__ACTIVITY__. For each line below that includes the string "Plate", show the whole line.

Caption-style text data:
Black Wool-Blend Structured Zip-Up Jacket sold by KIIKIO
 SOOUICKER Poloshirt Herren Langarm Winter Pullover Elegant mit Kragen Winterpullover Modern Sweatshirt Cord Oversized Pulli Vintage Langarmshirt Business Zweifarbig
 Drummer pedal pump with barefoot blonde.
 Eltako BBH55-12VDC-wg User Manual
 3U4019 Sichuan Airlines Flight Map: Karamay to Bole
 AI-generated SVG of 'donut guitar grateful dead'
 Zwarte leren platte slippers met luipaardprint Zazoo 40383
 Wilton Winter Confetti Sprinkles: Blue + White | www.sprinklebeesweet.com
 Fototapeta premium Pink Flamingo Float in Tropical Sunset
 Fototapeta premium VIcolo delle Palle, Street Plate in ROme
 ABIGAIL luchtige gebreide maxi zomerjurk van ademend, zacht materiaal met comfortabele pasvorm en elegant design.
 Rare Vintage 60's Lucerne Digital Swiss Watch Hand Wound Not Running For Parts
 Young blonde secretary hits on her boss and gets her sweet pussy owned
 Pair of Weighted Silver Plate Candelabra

__SOLUTION BELOW__.
 Fototapeta premium VIcolo delle Palle, Street Plate in ROme
 Pair of Weighted Silver Plate Candelabra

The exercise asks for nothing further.